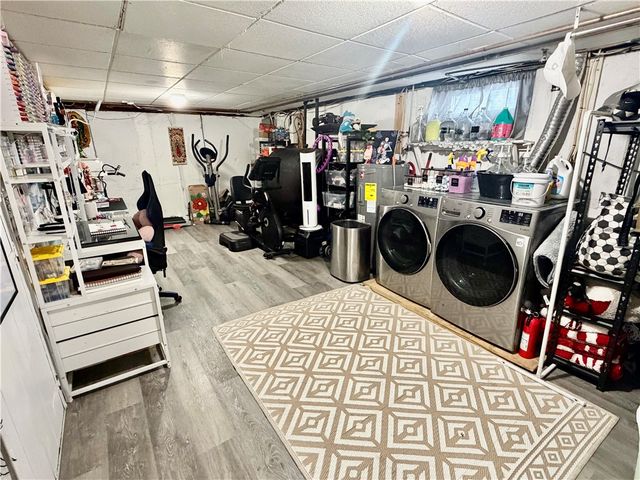 94 Gloucester Street, Providence, RI 02908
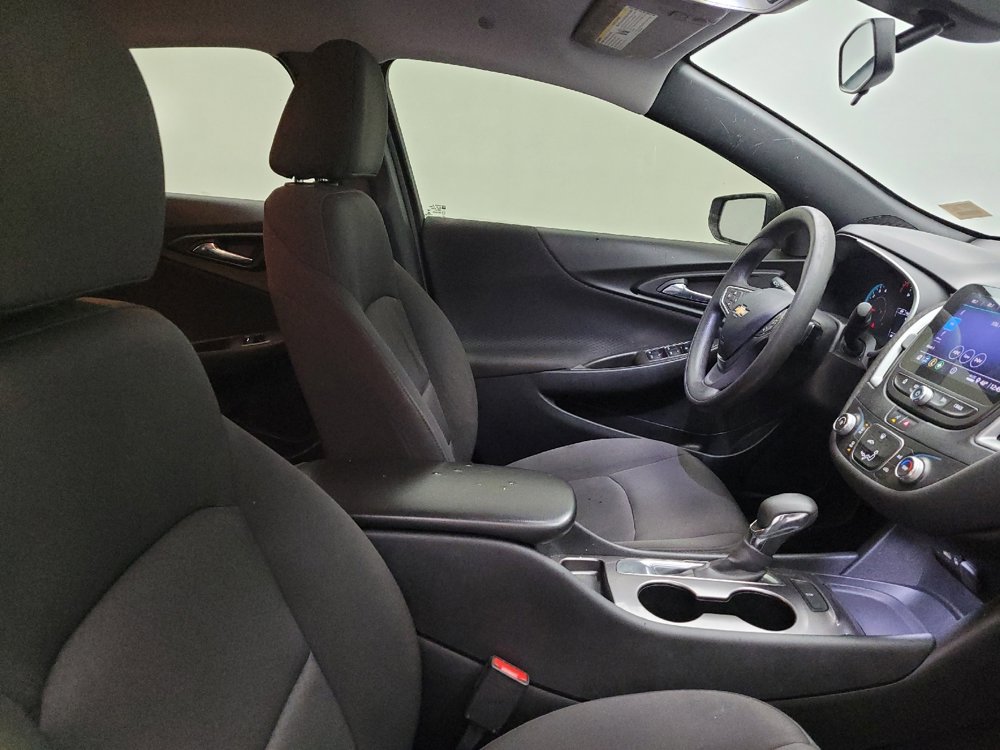 Used 2021 Chevrolet Malibu LS image 21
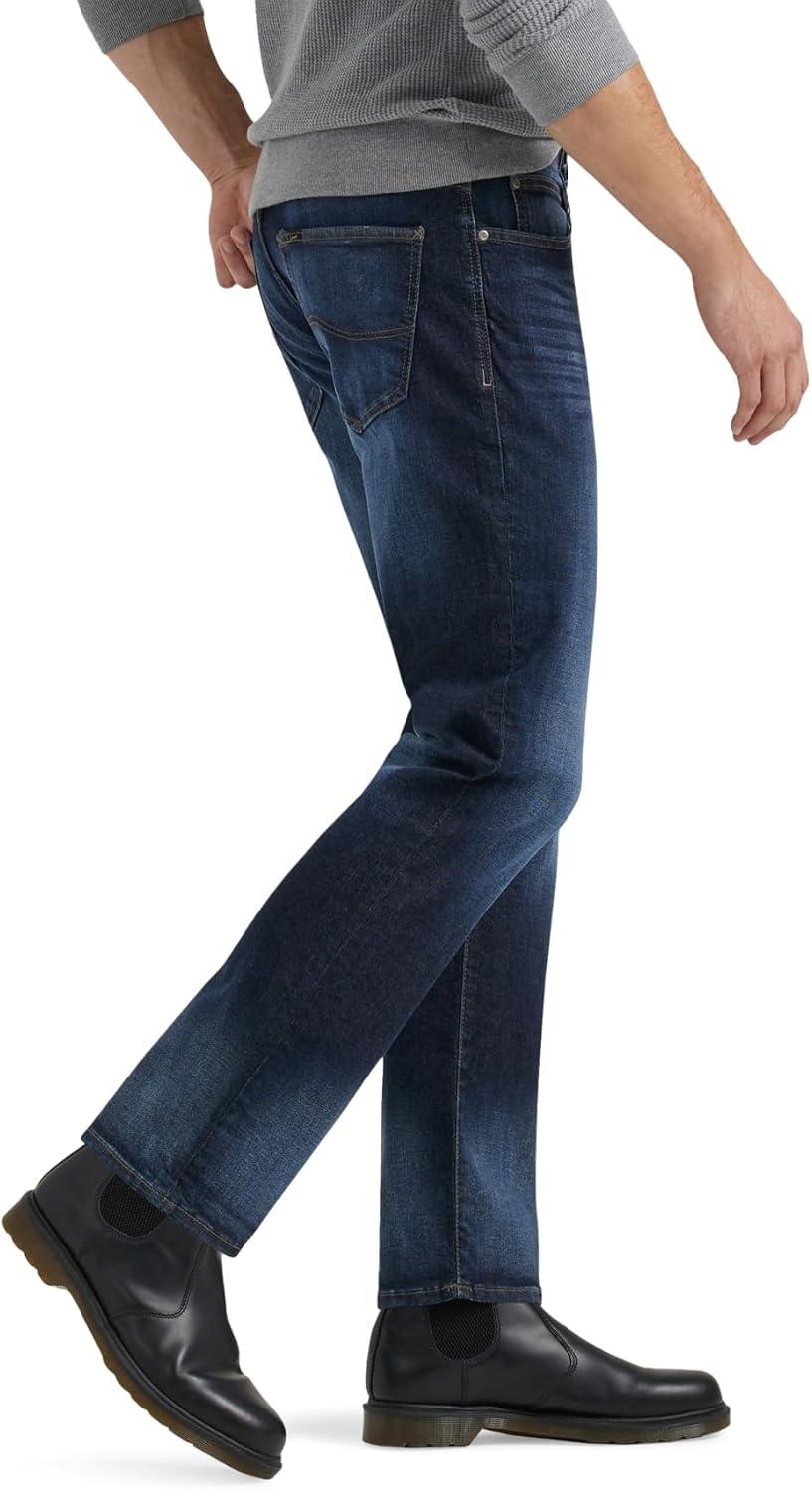 imageLee Mens Extreme Motion Straight Taper JeanTrip
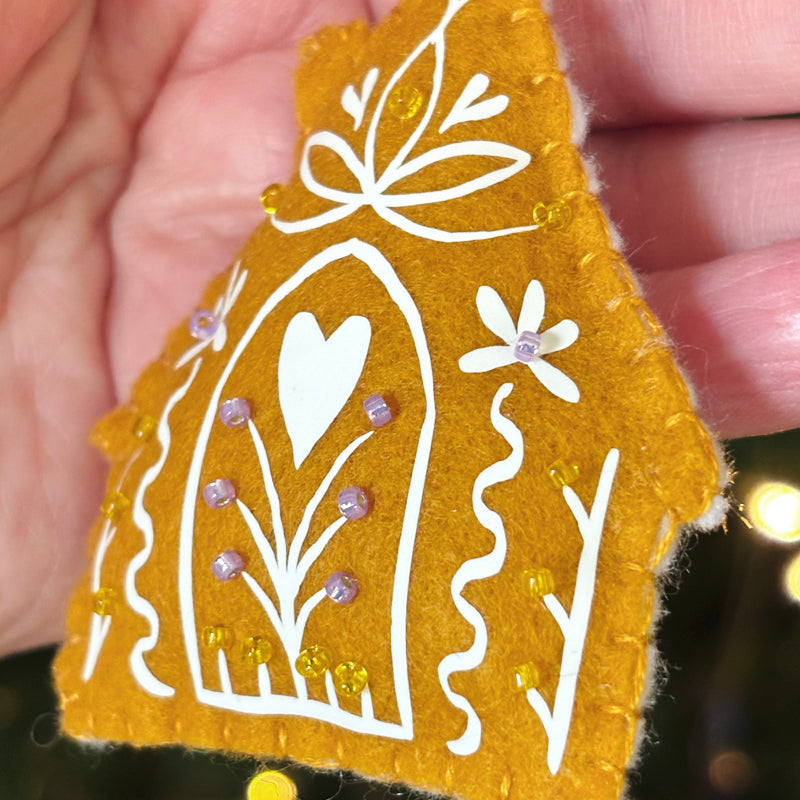 Suspension PHOSPHORESCENTE - Maison de sorcière - Mauve et jaune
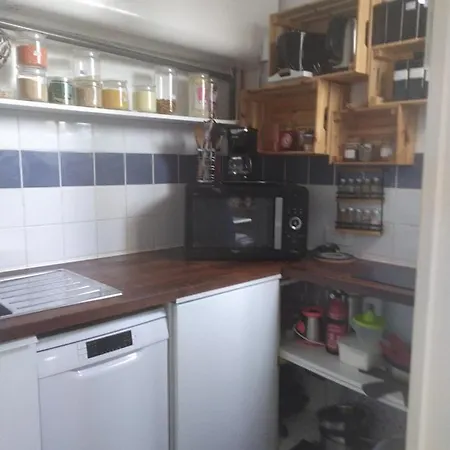 Appartement Val Fan Apt Tout Confort Océan Très Cosy Parking Privé Wifi Grande Terrasse Et Véranda à 2 Mn De La Plage 1 Grand Lit Et 1 Canapé Lit Personnes Max 4 *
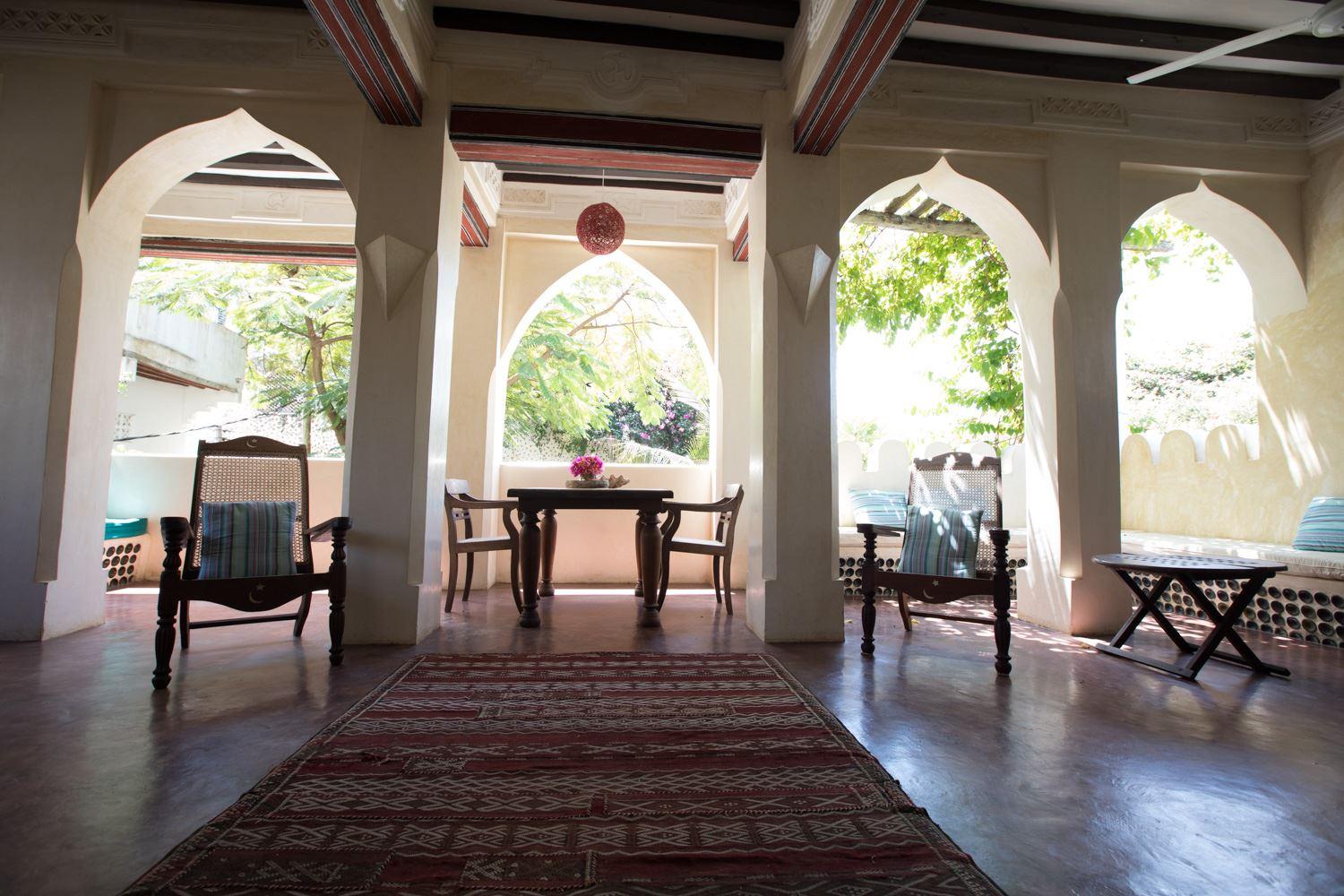 Banana House and Wellness Centre Reserve Your Hotel, SelfCatering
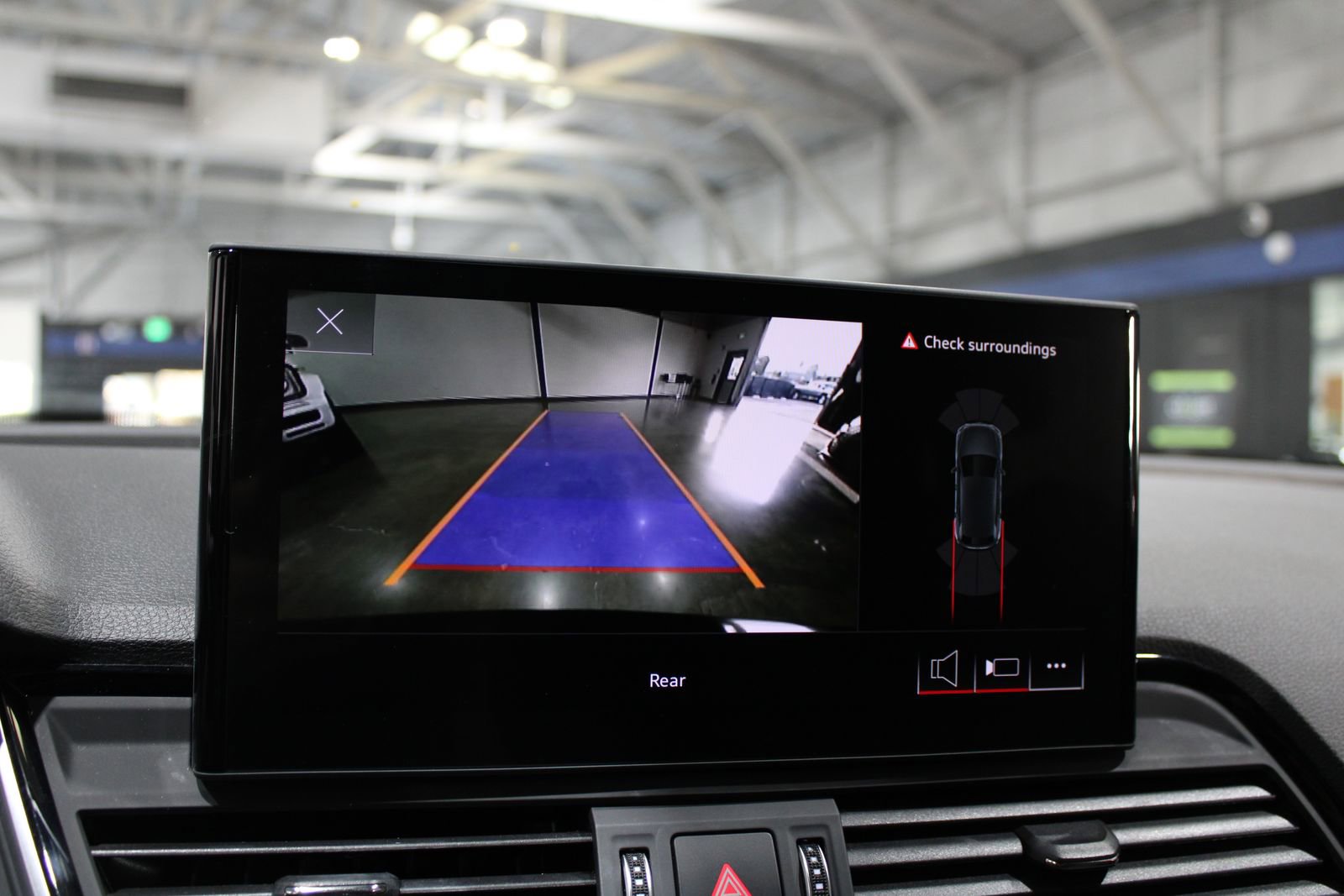 Used 2022 Audi SQ5 Premium w/ Convenience Package image 34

+++

[Exercise requirements] When you copy the records above, keep every word exact but leave out the pictures.

[Response to this exercise]
 94 Gloucester Street, Providence, RI 02908
 Used 2021 Chevrolet Malibu LS image 21
 imageLee Mens Extreme Motion Straight Taper JeanTrip
 Suspension PHOSPHORESCENTE - Maison de sorcière - Mauve et jaune
 Appartement Val Fan Apt Tout Confort Océan Très Cosy Parking Privé Wifi Grande Terrasse Et Véranda à 2 Mn De La Plage 1 Grand Lit Et 1 Canapé Lit Personnes Max 4 *
 Banana House and Wellness Centre Reserve Your Hotel, SelfCatering
 Used 2022 Audi SQ5 Premium w/ Convenience Package image 34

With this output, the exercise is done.